Extracted data entries:
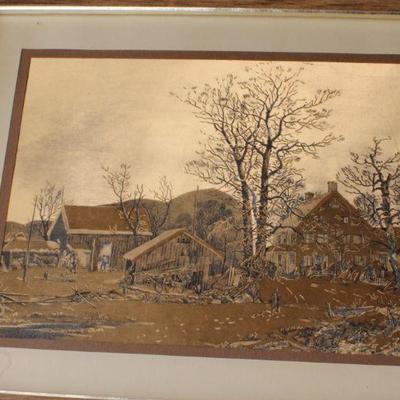 Lot #158: Pair of Vintage Gold Reflective Farm Scenes Art Prints (Each is 11" x 9")
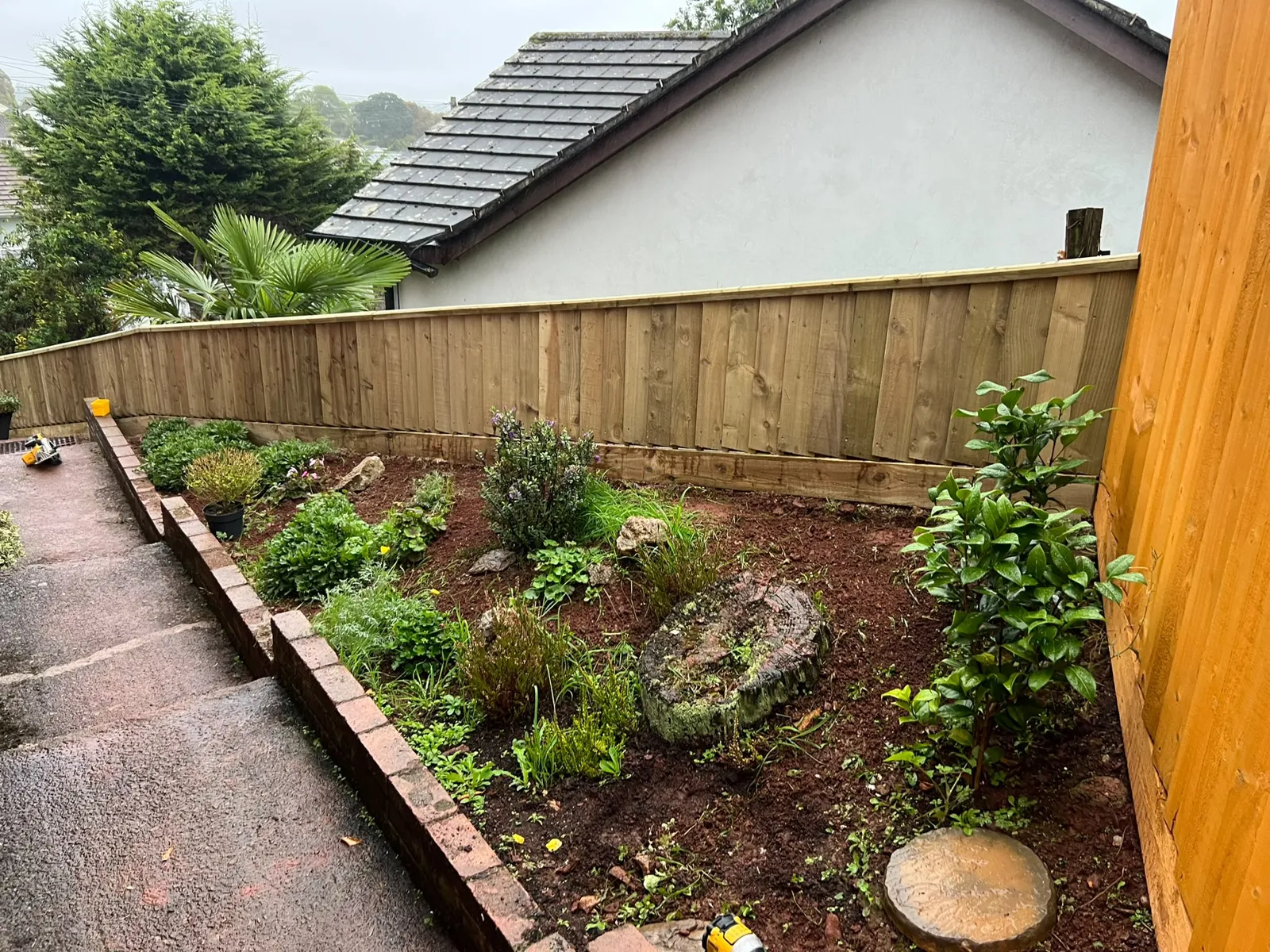 Low closeboard boundary fence beside a flower bed in a Paignton garden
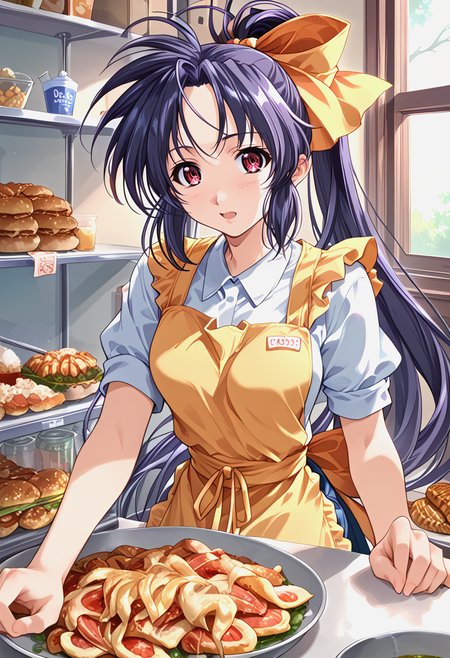 <lora:trumkuu_Pv11-000030:1>, ntrkuu, 1girl, hair ribbon,  apron, ponytail,, BREAK score_9, score_8_up, score_7_up, score_6_up, source_anime, best quality,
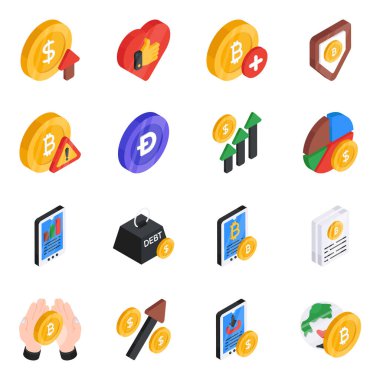 Medikal Düz Isometric Simgeleri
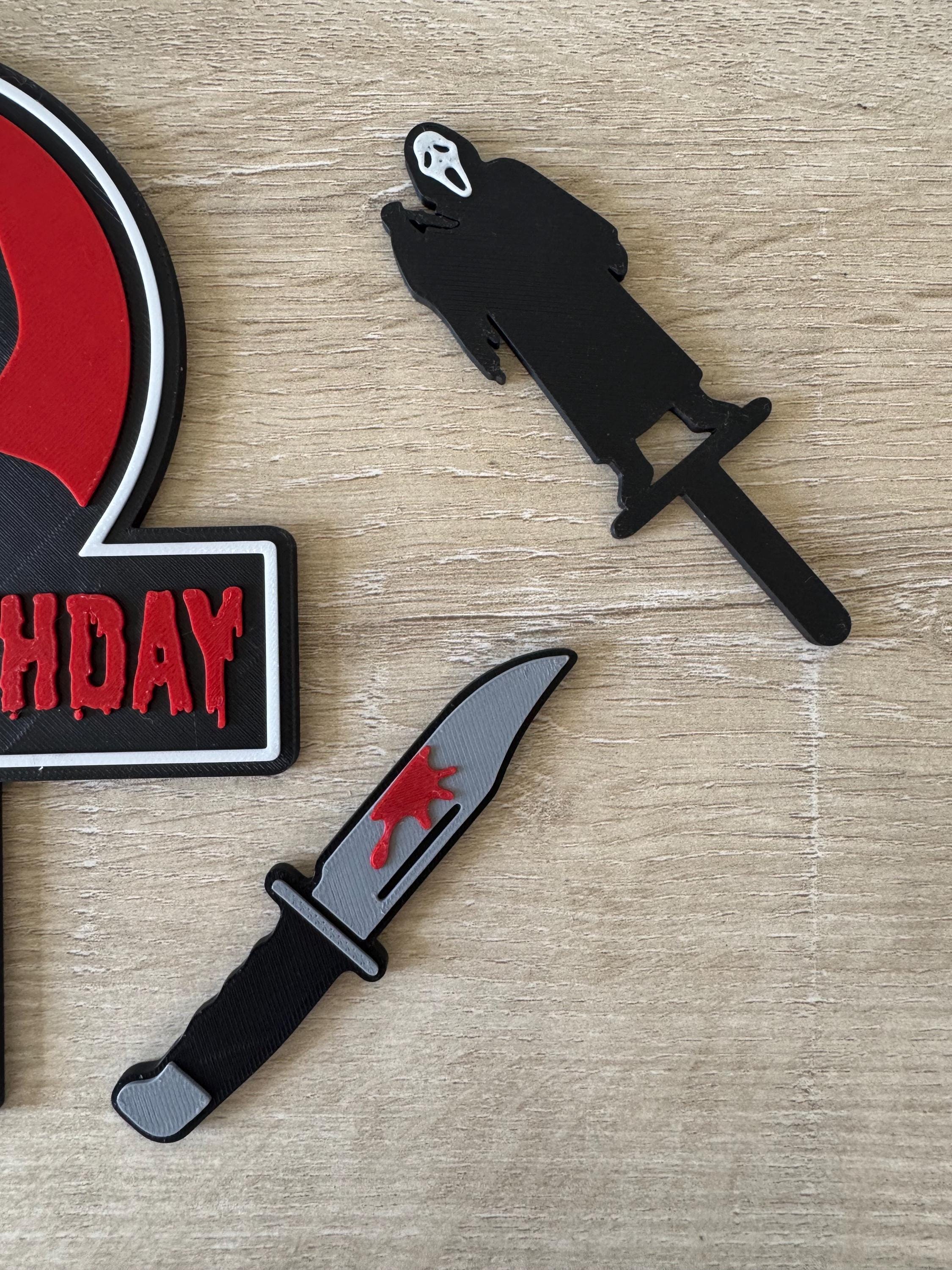 Scream Ramo Toppers Scream Ghostface Birthday Cake Topper – Horror Custom Age Decorations ...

Directions: Your answer must be the records above, word for word, with no pictures.

Final answer:
 Lot #158: Pair of Vintage Gold Reflective Farm Scenes Art Prints (Each is 11" x 9")
 Low closeboard boundary fence beside a flower bed in a Paignton garden
 <lora:trumkuu_Pv11-000030:1>, ntrkuu, 1girl, hair ribbon,  apron, ponytail,, BREAK score_9, score_8_up, score_7_up, score_6_up, source_anime, best quality,
 Medikal Düz Isometric Simgeleri
 Scream Ramo Toppers Scream Ghostface Birthday Cake Topper – Horror Custom Age Decorations ...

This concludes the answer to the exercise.